Siempre nos hemos hecho preguntas y siempre nos hemos inquietado ante el vacío de respuesta o ante la amenaza de destino. Pero cabe pensar que nuestra sociedad tecnificada y de ritmo rápido, es terreno propicio para el surgimiento de la angustia, ya que ésta resurge cercana a la incertidumbre y la transitoriedad. La existencia de un futuro desdibujado, sin demasiado norte y con pocas garantías es terreno propicio para “el único sentimiento que no engaña”, tal y como lo definió Lacan en su Seminario X.

Esta modernidad líquida, como lúcidamente lo ilustra Zygmunt Bauman, nos sitúa en un escenario sin certezas, volátil y transitorio, en el que el “no future” de los Sex Pistols se impone como punto de certeza, ante un mañana que se mira de refilón y, en ocasiones, ni se espera. “Vive la vida, exprímela!!!”,  se postula como lema de actualidad, como mandato a “disfrutar de la vida”, no tanto desde una posición dionisíaca de apertura al placer, sino desde un olvido del ser y su deriva hacia el tener más que, más rápido que , más veces que…Hacia el sinsentido del vivir agitados, obedientes al mandato del plus de gozar, como si en ello estuviera la quintaesencia del vivir.

Muchos jóvenes que hablan a través de sus conductas disociales, se hallan en la encrucijada de tener que crearse un destino, pero con la rémora de no disponer de  un GPS interno que les oriente, unas marcas cardinales que les guíen, ya que crear una dirección en la vida requiere del encuentro con un otro presente y real, que haga las veces de sostén confiable y ejemplo, un otro que desde sus limitaciones pueda orientar al joven en la dirección de un destino que está por crear y en el cual puede aspirar a tener parte activa.

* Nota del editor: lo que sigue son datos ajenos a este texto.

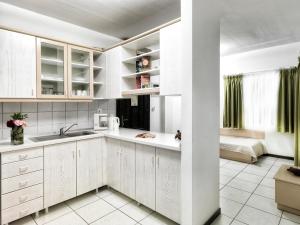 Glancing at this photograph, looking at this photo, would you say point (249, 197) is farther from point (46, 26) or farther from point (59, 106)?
point (46, 26)

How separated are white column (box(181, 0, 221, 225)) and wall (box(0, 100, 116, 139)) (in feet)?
6.61

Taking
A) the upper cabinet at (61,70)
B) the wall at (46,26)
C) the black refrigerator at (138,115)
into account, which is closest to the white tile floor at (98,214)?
the black refrigerator at (138,115)

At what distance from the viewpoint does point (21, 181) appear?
189 cm

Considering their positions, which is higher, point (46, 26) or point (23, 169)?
point (46, 26)

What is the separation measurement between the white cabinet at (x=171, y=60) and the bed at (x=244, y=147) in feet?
9.49

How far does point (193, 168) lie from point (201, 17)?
144 centimetres

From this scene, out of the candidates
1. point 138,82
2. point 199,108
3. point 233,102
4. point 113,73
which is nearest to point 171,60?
point 199,108

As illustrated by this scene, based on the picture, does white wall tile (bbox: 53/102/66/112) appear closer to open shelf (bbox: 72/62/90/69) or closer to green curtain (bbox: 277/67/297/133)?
open shelf (bbox: 72/62/90/69)

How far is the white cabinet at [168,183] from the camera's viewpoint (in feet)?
5.74

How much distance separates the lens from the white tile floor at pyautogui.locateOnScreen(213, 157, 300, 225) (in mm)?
1976

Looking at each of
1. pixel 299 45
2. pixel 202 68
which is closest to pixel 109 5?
pixel 202 68

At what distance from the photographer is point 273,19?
107 inches

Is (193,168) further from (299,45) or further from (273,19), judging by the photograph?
(299,45)

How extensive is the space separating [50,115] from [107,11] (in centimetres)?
174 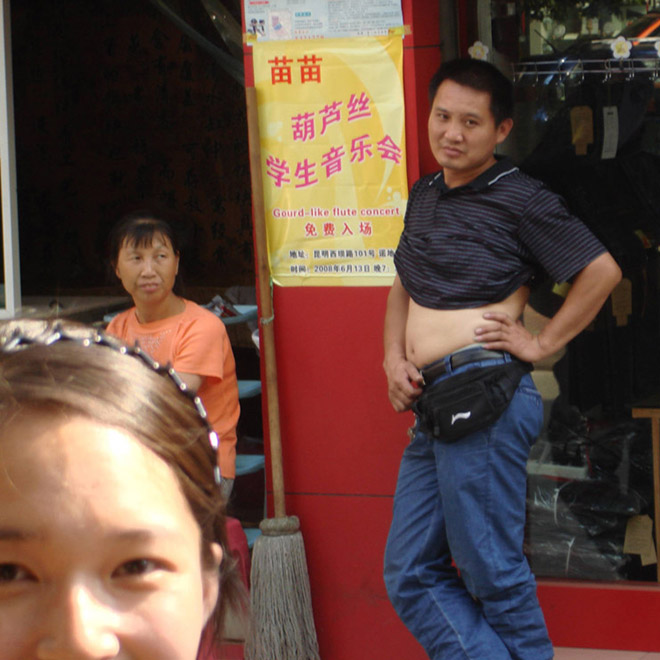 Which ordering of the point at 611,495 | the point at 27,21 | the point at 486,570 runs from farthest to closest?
the point at 27,21, the point at 611,495, the point at 486,570

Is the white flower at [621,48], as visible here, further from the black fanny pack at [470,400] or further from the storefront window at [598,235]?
the black fanny pack at [470,400]

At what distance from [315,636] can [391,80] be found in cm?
196

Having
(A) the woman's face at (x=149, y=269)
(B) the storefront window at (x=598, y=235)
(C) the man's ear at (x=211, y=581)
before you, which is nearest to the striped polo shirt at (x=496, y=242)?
(B) the storefront window at (x=598, y=235)

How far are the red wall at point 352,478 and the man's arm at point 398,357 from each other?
0.33 metres

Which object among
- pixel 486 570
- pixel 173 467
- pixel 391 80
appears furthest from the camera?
pixel 391 80

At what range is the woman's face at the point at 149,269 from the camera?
3.69 meters

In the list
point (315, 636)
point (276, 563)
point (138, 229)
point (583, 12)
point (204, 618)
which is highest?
point (583, 12)

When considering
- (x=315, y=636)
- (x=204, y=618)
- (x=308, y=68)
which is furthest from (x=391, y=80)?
(x=204, y=618)

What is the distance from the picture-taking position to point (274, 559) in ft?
11.9

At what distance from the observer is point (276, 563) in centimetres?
362

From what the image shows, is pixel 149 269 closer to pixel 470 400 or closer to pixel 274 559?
pixel 274 559

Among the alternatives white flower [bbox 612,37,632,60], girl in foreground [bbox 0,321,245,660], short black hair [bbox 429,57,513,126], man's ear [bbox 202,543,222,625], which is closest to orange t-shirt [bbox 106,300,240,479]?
short black hair [bbox 429,57,513,126]

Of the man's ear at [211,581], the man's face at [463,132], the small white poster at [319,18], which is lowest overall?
the man's ear at [211,581]

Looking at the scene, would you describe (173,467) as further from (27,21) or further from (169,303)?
(27,21) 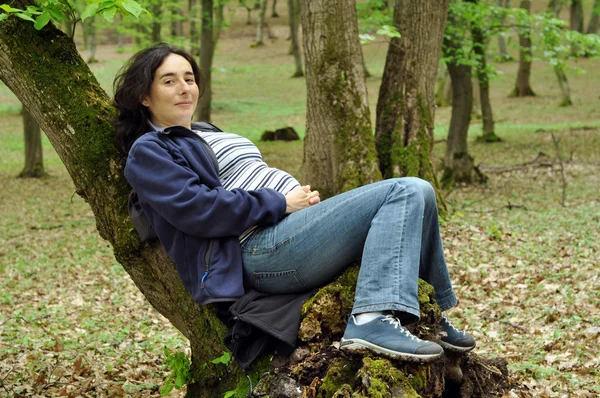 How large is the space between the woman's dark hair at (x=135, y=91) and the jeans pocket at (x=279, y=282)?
3.57 ft

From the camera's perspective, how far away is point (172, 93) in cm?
346

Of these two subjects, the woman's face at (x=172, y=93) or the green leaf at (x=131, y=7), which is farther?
the woman's face at (x=172, y=93)

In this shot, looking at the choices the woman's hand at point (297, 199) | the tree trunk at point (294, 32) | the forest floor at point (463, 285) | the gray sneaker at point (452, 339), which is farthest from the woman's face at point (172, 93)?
the tree trunk at point (294, 32)

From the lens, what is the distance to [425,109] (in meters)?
8.78

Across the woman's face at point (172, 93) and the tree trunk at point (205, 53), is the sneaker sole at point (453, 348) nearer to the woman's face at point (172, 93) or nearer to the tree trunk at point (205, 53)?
the woman's face at point (172, 93)

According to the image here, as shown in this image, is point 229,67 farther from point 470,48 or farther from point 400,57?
point 400,57

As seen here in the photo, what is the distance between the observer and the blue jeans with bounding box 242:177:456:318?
2.91 m

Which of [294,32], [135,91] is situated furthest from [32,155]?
[294,32]

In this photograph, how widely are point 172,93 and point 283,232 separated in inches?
→ 39.9

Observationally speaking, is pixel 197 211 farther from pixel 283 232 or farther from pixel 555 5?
pixel 555 5

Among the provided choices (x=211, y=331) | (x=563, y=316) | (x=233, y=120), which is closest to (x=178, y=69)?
(x=211, y=331)

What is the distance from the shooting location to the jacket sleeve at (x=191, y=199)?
9.96ft

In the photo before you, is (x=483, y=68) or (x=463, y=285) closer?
(x=463, y=285)

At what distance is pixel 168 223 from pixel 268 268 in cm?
57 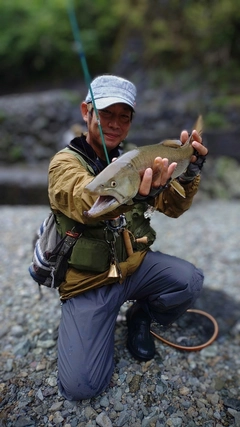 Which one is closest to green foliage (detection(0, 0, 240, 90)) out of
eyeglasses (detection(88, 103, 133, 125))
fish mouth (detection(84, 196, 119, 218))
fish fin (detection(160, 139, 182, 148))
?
eyeglasses (detection(88, 103, 133, 125))

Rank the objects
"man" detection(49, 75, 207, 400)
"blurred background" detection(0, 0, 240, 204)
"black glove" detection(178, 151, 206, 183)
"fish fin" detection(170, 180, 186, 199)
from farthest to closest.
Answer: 1. "blurred background" detection(0, 0, 240, 204)
2. "fish fin" detection(170, 180, 186, 199)
3. "black glove" detection(178, 151, 206, 183)
4. "man" detection(49, 75, 207, 400)

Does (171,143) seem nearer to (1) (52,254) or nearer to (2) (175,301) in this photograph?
(1) (52,254)

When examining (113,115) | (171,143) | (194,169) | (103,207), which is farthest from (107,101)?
(103,207)

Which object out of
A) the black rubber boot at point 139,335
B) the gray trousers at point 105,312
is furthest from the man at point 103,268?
the black rubber boot at point 139,335

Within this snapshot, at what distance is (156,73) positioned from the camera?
48.8 feet

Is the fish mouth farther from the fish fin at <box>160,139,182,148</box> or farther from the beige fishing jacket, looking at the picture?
the fish fin at <box>160,139,182,148</box>

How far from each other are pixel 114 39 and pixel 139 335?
60.8ft

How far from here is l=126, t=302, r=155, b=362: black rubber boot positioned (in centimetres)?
314

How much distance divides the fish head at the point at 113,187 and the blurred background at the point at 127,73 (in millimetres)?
8522

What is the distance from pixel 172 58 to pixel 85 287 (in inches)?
561

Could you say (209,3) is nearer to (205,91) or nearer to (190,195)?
(205,91)

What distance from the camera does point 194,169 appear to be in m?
2.78

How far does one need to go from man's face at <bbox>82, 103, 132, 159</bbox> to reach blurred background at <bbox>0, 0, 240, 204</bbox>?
756cm

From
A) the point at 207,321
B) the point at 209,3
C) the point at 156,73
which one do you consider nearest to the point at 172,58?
the point at 156,73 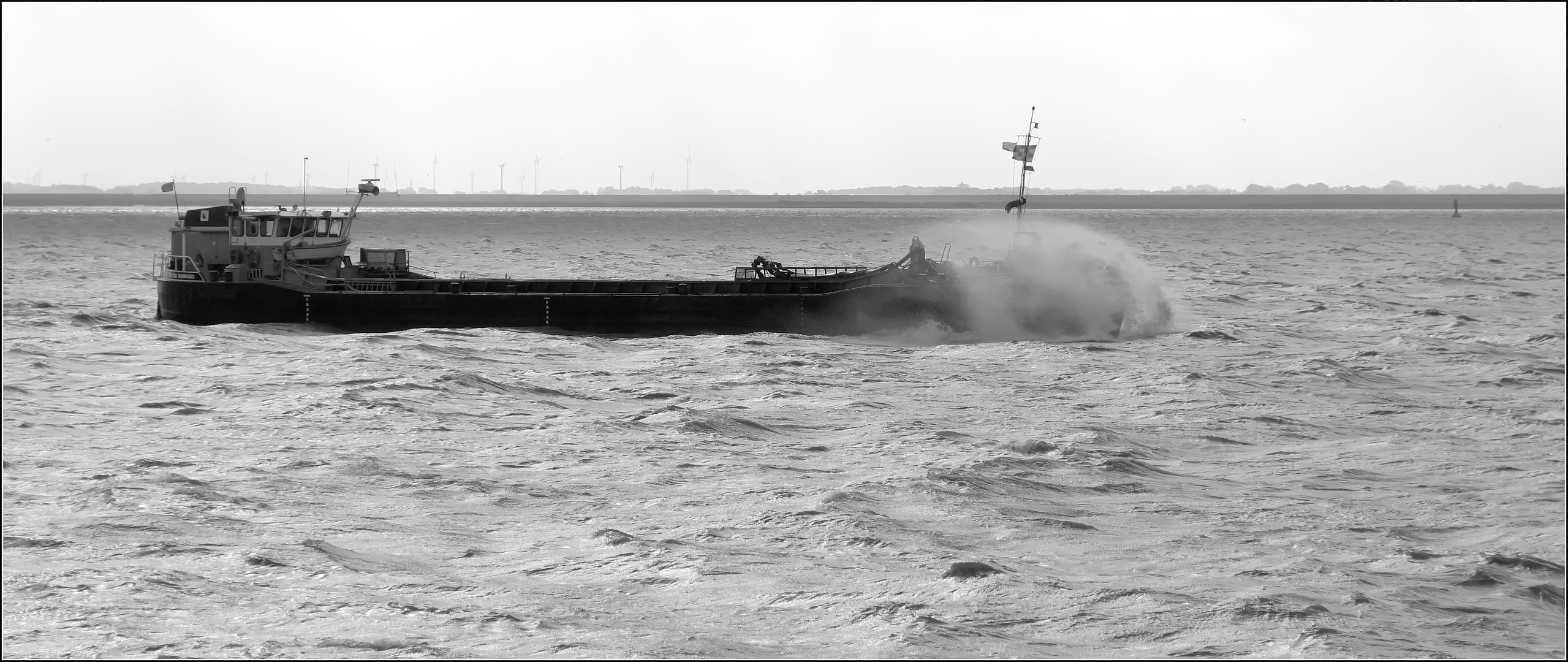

Un Otro que suscite en el joven el gusto por la pregunta y, en definitiva, a cuestionarse  acerca de su deseo para sí ponerlo a caminar. Sin estas experiencias de lazo que estimulen el relato y la palabra, el sujeto está más expuesto a lo que mi abuela Leocadia denominaba “izen gabeko penia”(la pena sin nombre); es decir: angustia.